A picture and a description of the original can be found in:
Schneider, J. (1975), Textilien. Katalog der Sammlung des Sweizerischen Landesmuseums Zurich: Zurich: Verlag Berichthaus

The Cloisters Museum, New York, owns a similar purse, see here: Hoving, T., Husband, T., Hayward, J. (1975), The secular spirit: life and art at the end of the Middle Ages, New York: The Metropolitan Museum of Art

Thursday, June 10, 2010

14th century heraldic pouches: what type of stitch is this?

Racaire just posted a picture of a 14th century heraldic pouch on her blog. It reminded me of these images from the Bildindex I downloaded some time ago. Does anyone know what type of stitch is used here? I have no idea, and I even thought of knitting, but that's probably not true.. We would love to hear your ideas on this!

Wednesday, June 09, 2010

A gift from Quakenbrück

Mr. B. brought back home a gift for me from the event in Quakenbrück last weekend: two sets of veil pins. The one has lapis lazuli beads, and the other cut garnets. I just love them, and can't wait to wear them with my frilled veil soon!

Tuesday, June 08, 2010

Smocked apron tutorials

Last weekend, I was at the historical festival in Quackenbruck, Germany, where I demonstrated smocking. I think this might become the latest fashion in living history groups: when I told people I was working on a smocked apron, they told me they were either wanting one or working on one :-). This is my apron so far: (it's not stretched out yet)

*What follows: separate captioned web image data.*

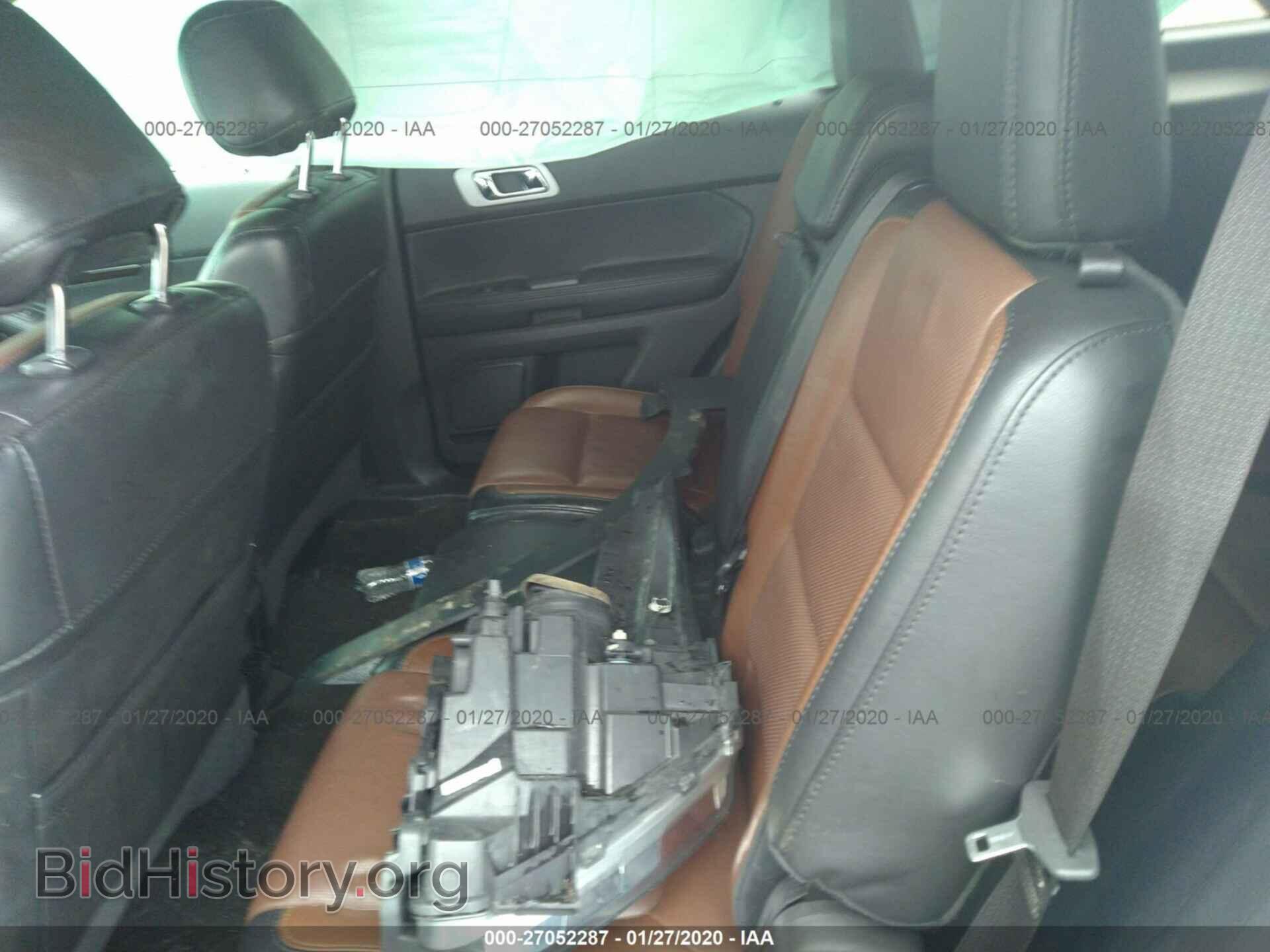 2014 FORD EXPLORER - VIN: 1FM5K8F81EGA64943 - Photo 8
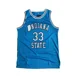 thumbnail image 4 of Camisetas de baloncesto VALLEY ALTERNATE HIGH SCHOOL 33 BIRD Jersey Costura Bordado Ropa deportiva al aire libre de alta calidad Azul negro 2024, 4 of 5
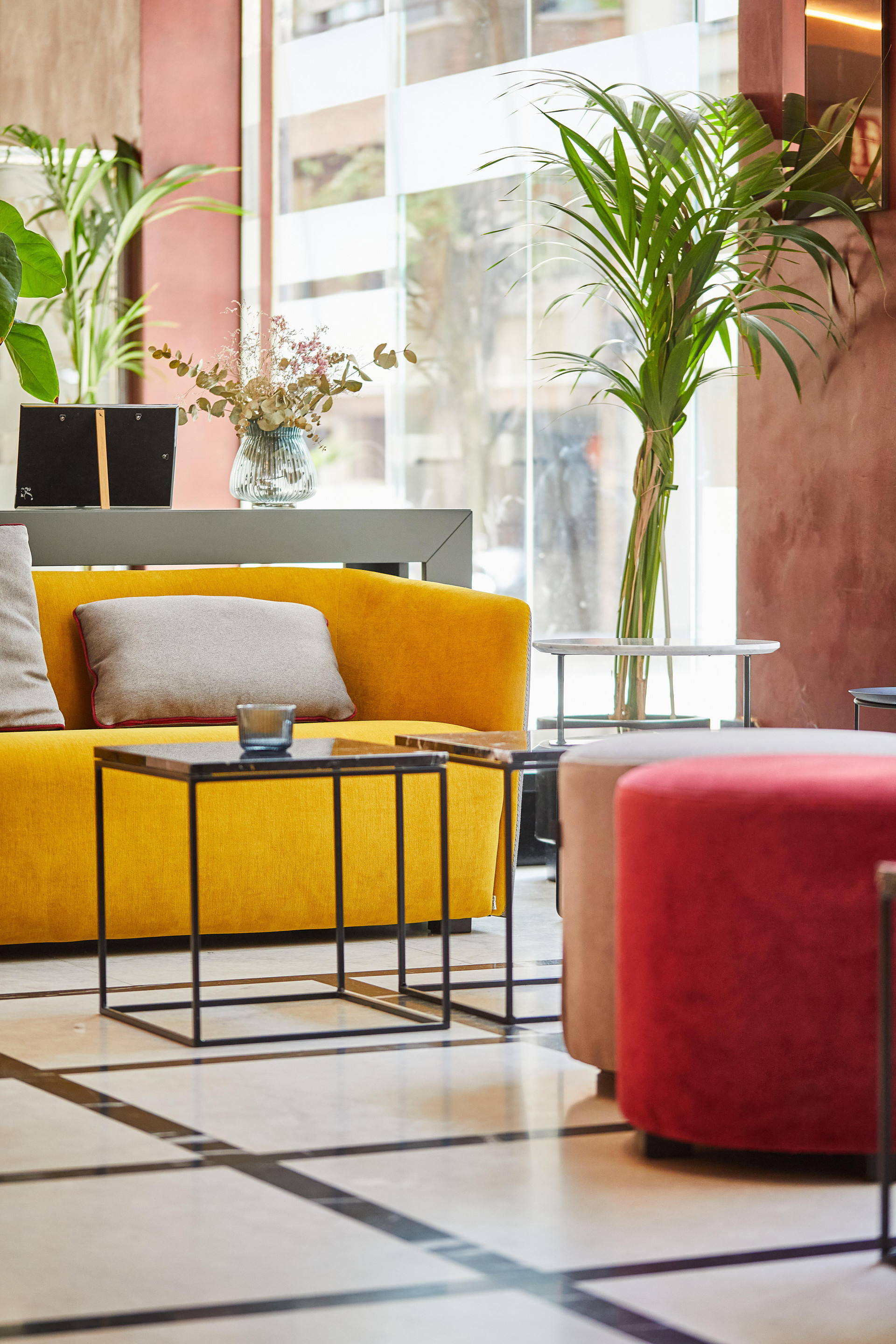 Vista Lobby Hotel Silken Sant Gervasi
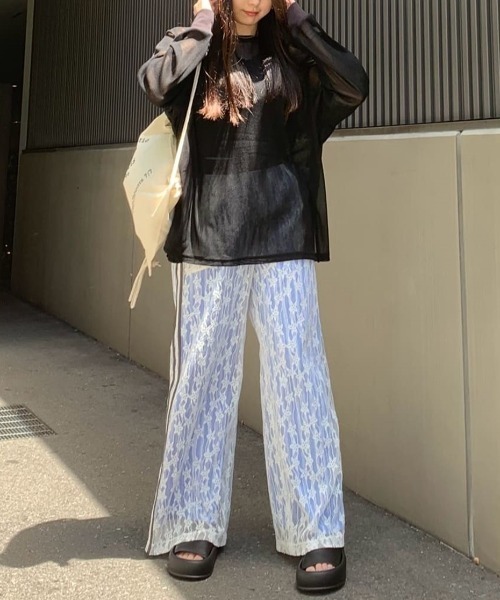 piu comoda（ピュコモダ）の「(piu comoda)ボリュームソールフラットサンダル（サンダル・レディース・ブラック・38/36/37）」の11枚目の写真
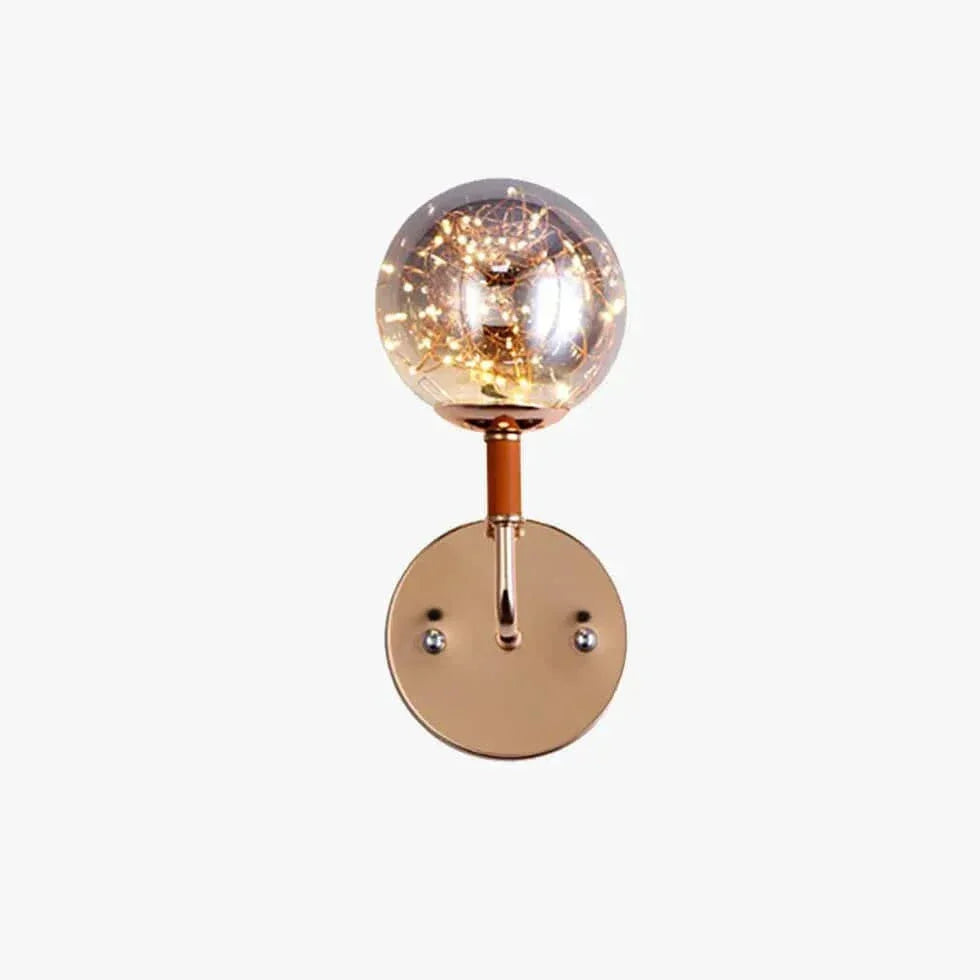 Applique Murale En Verre Filé Pour Tête De Lit - Clowas.fr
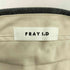 フレイアイディー FRAY I.D ハイウエストワイドパンツ レディース JPN:0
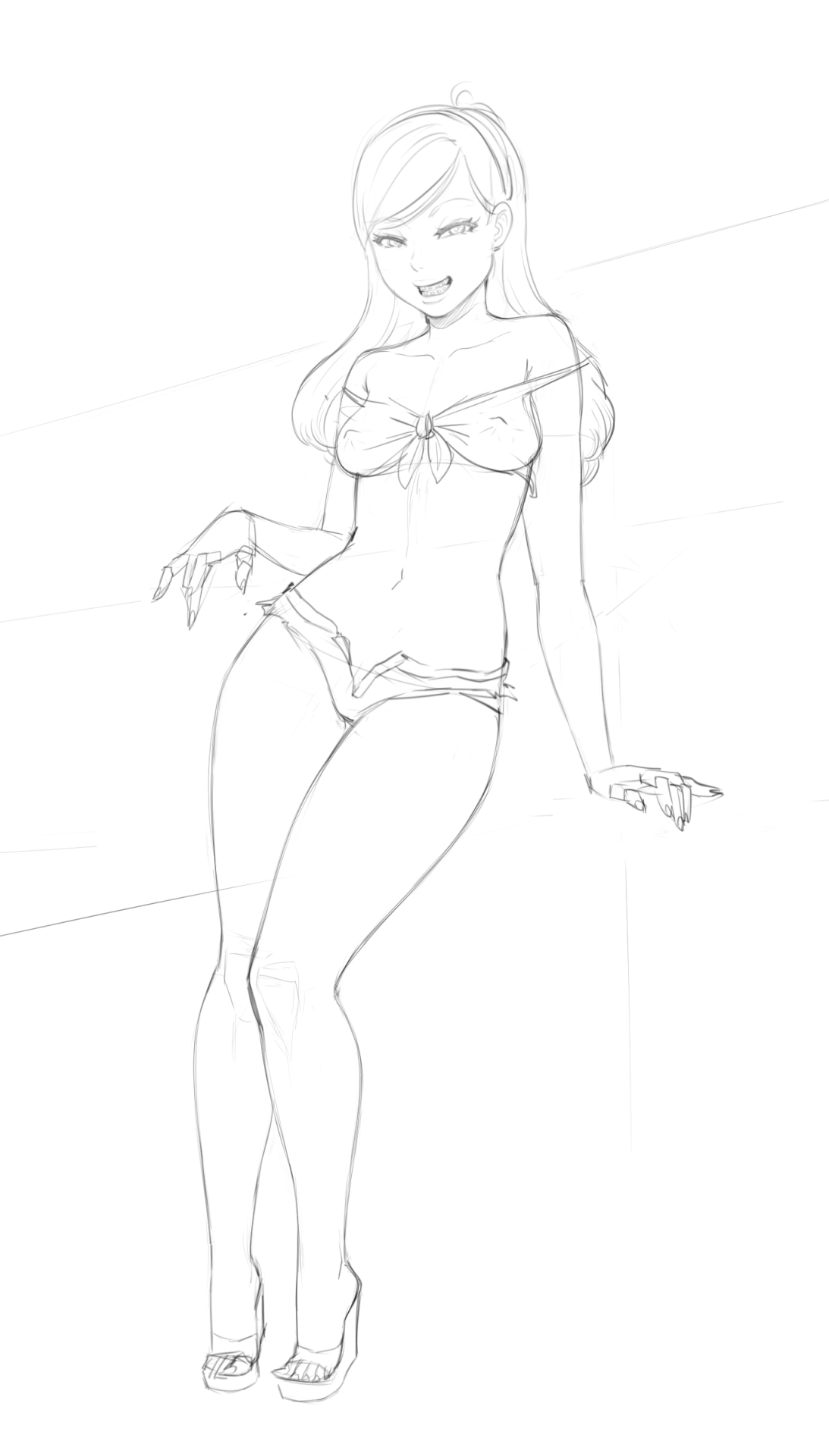 Gravity Falls Girls page 2 full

There are several very interesting tutorials and resources online, so I won't be writing one myself :-). The first place to start when you're interested in aprons is Larsdatter's picture archive:
Tutorials can be found here:

Catrijn, Louisa and Matilda, thanks for the tutorials! In each of the tutorials, honeycomb stitch was used. I was told there are two ways of making these: a) fold the pleads first and then stitch on top of the pleads, or b) make the pleads while stitching at the same time. I used method A (see picture above), click here and scroll down:
A tutorial of method B can be found here:

A technical note based on my experience so far: My needlecraft encyclopedia recommended using 3 times as much fabric as the required length of the finished piece. This means that an apron of 50 cm would require 150 cm of fabric. However, honeycomb stitch is very stretchy, so if you use only honeycomb stitch, you might need only twice or 2,5 times as much fabric. The other smock stitches are not quite so flexible, so if you plan to combine honeycomb with other stitches, it is probably a good idea to use more fabric. It's really important to take the time to figure this out, because I've seen some reproductions of smocked aprons which were too small, and that's a pity for all the hard work!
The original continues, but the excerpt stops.